**THE TASK:**
All records below should be repeated exactly, with the pictures left out.
-- Opening Marker --
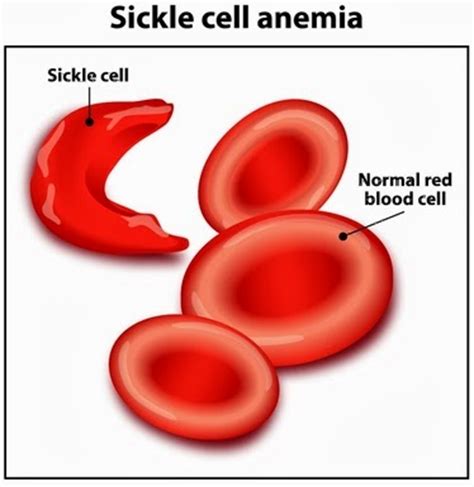 Signs and symptoms of sickle cell anemia. Sickle Cell Disease (Sickle Cell Anemia) Causes, Types ...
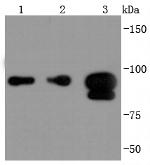 FOXP1 Antibody in Western Blot (WB)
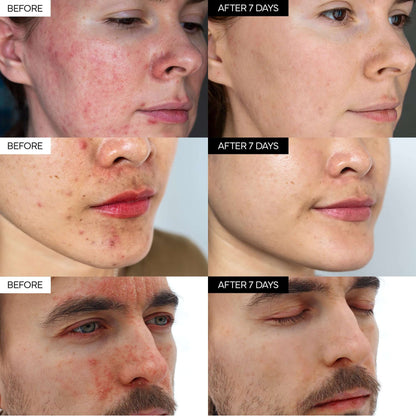 Intensive Cica Repair Cream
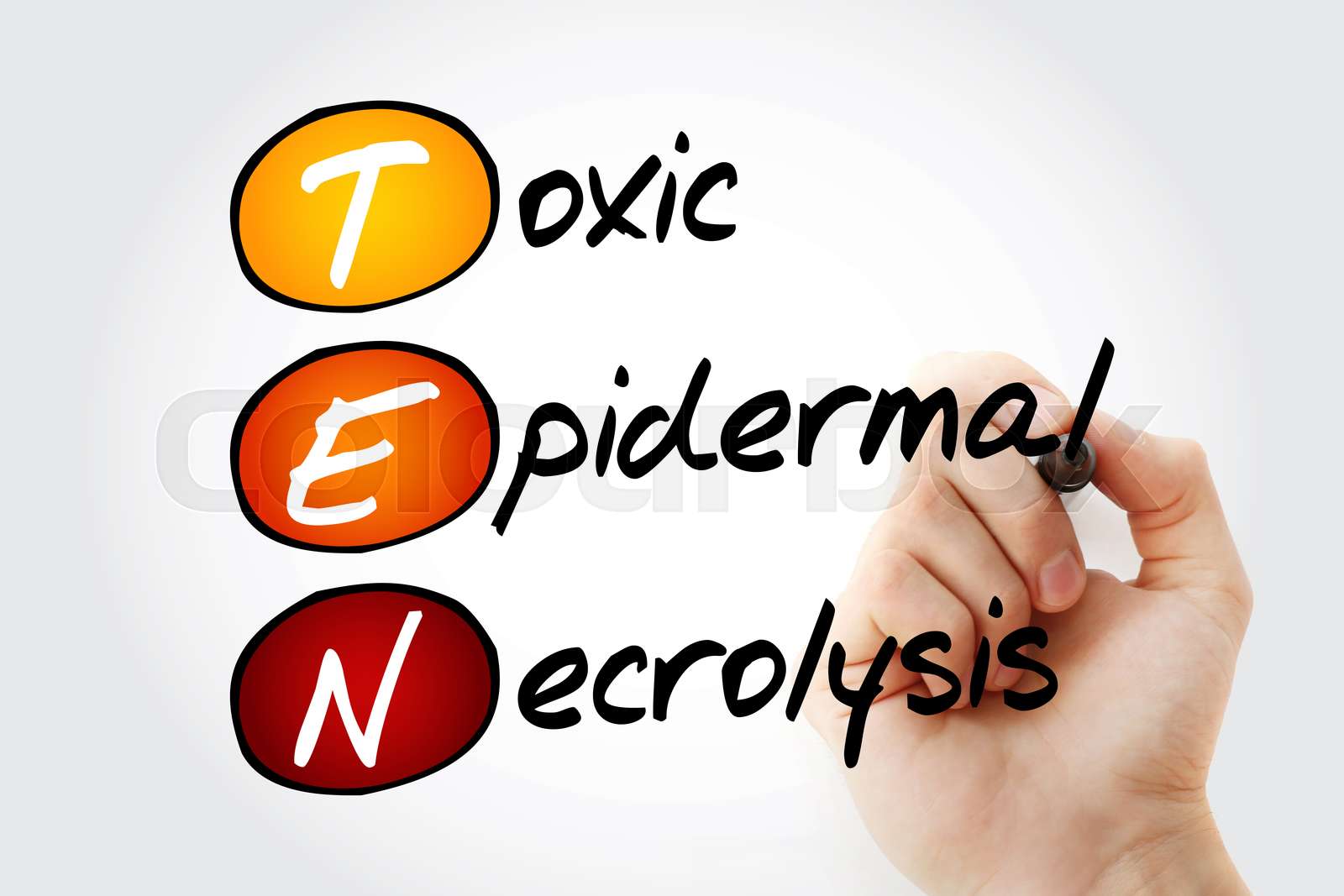 TEN - Toxic Epidermal Necrolysis, acronym | Stock image | Colourbox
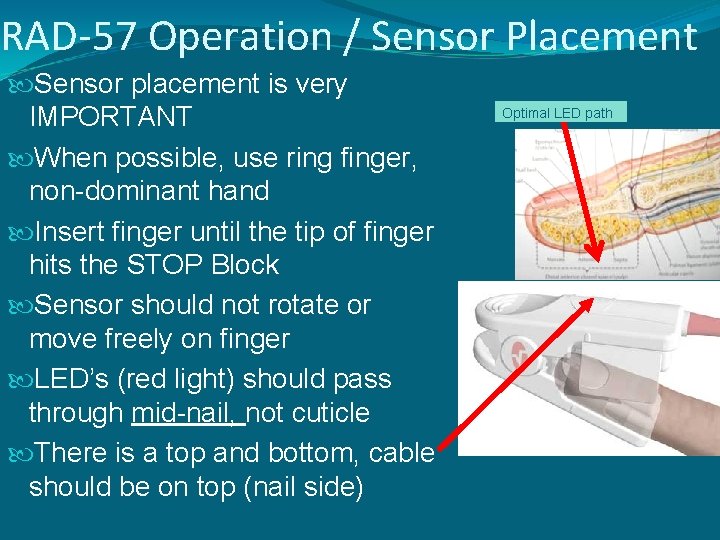 RAD-57 Operation / Sensor Placement Sensor placement is very IMPORTANT When possible, use ring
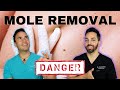 HOW TO REMOVE AN UNWANTED MOLE | DERMATOLOGIST PERSPECTIVE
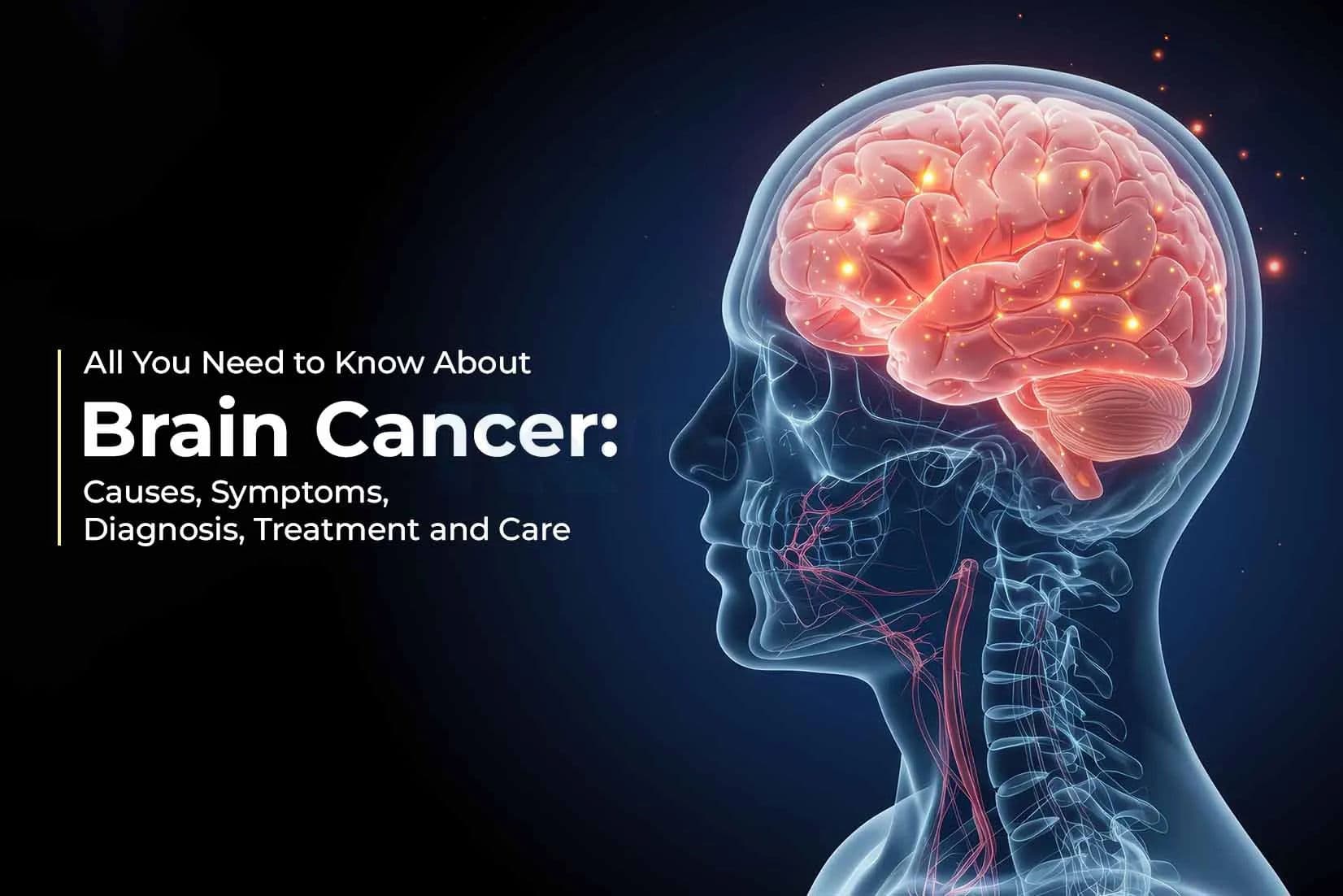 All You Need to Know About Brain Cancer: Causes, Symptoms, Diagnosis, Treatment and Care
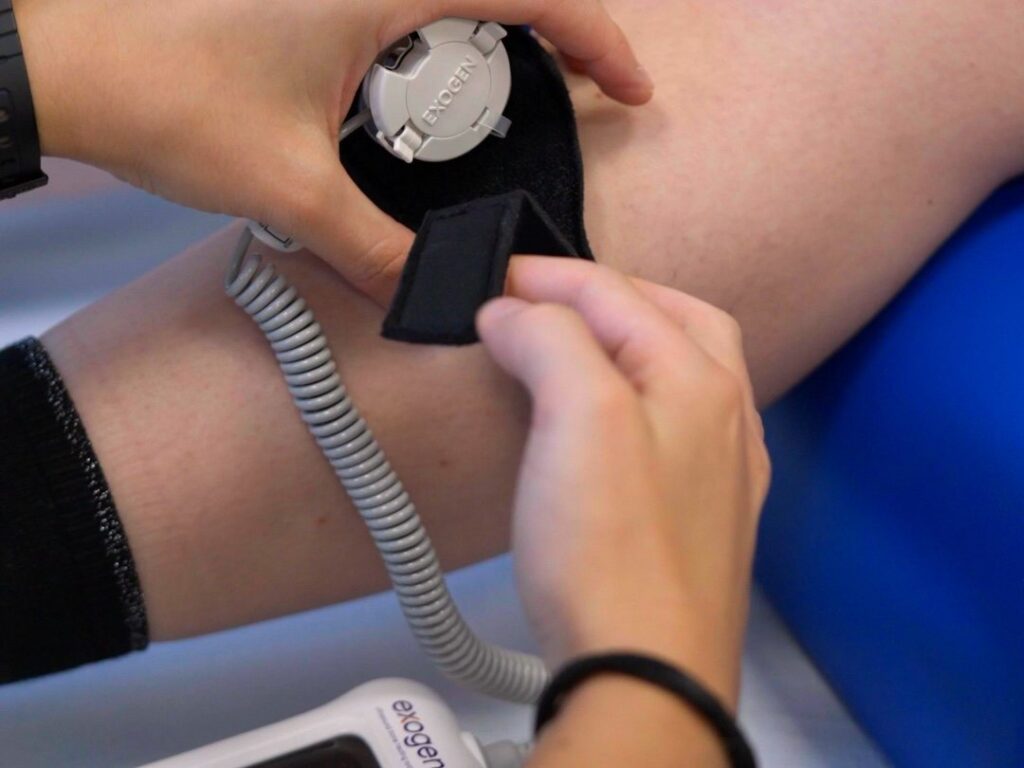 Aplikator Exogen przyłożony w opasce w okolicy złamania, obok urządzenie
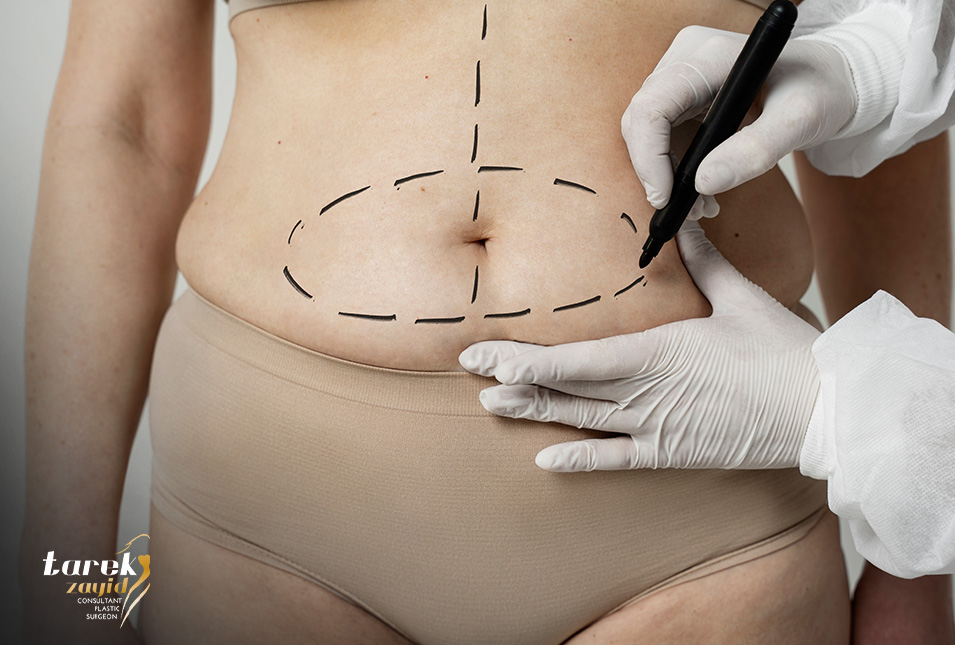 Tummy Tuck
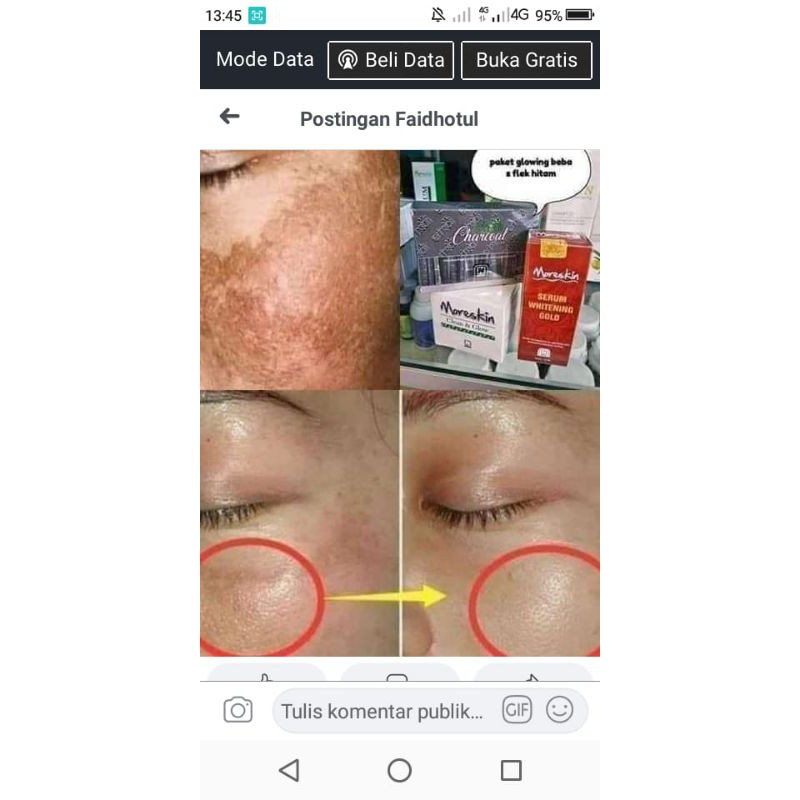 paket flek bandel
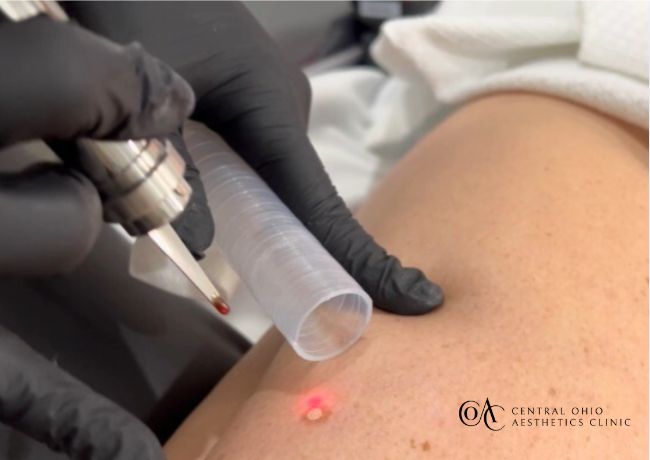 MicroLaserPeel™ Spot Treatment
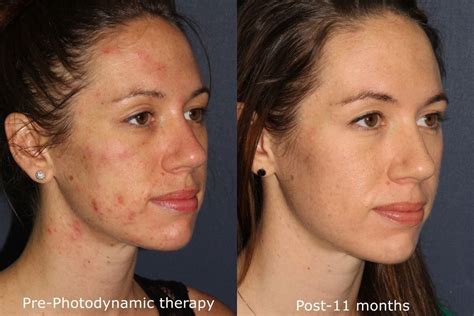 Photodynamic Therapy Acne Treatment | San Diego, CA | CLDerm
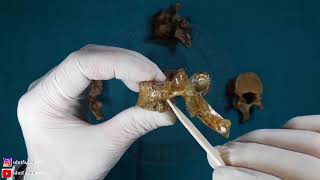 Columna Vertebralis'in Bütünü ve Vertebra'lar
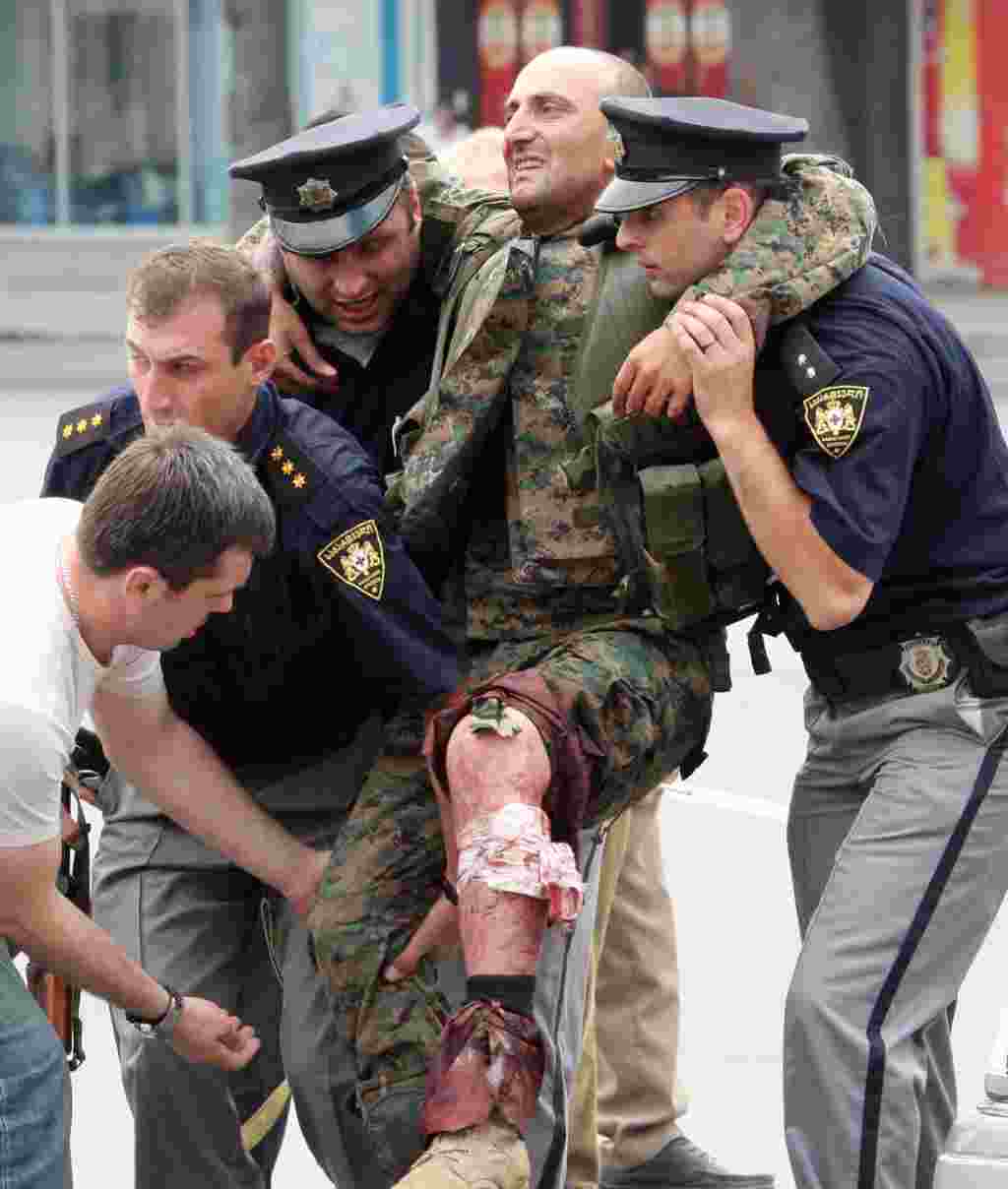 Police officers help a Georgian soldier who was wounded in fighting with South Ossetian separatists in the town of Gori.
-- Closing Marker --
**REPLY:**
 Signs and symptoms of sickle cell anemia. Sickle Cell Disease (Sickle Cell Anemia) Causes, Types ...
 FOXP1 Antibody in Western Blot (WB)
 Intensive Cica Repair Cream
 TEN - Toxic Epidermal Necrolysis, acronym | Stock image | Colourbox
 RAD-57 Operation / Sensor Placement Sensor placement is very IMPORTANT When possible, use ring
 HOW TO REMOVE AN UNWANTED MOLE | DERMATOLOGIST PERSPECTIVE
 All You Need to Know About Brain Cancer: Causes, Symptoms, Diagnosis, Treatment and Care
 Aplikator Exogen przyłożony w opasce w okolicy złamania, obok urządzenie
 Tummy Tuck
 paket flek bandel
 MicroLaserPeel™ Spot Treatment
 Photodynamic Therapy Acne Treatment | San Diego, CA | CLDerm
 Columna Vertebralis'in Bütünü ve Vertebra'lar
 Police officers help a Georgian soldier who was wounded in fighting with South Ossetian separatists in the town of Gori.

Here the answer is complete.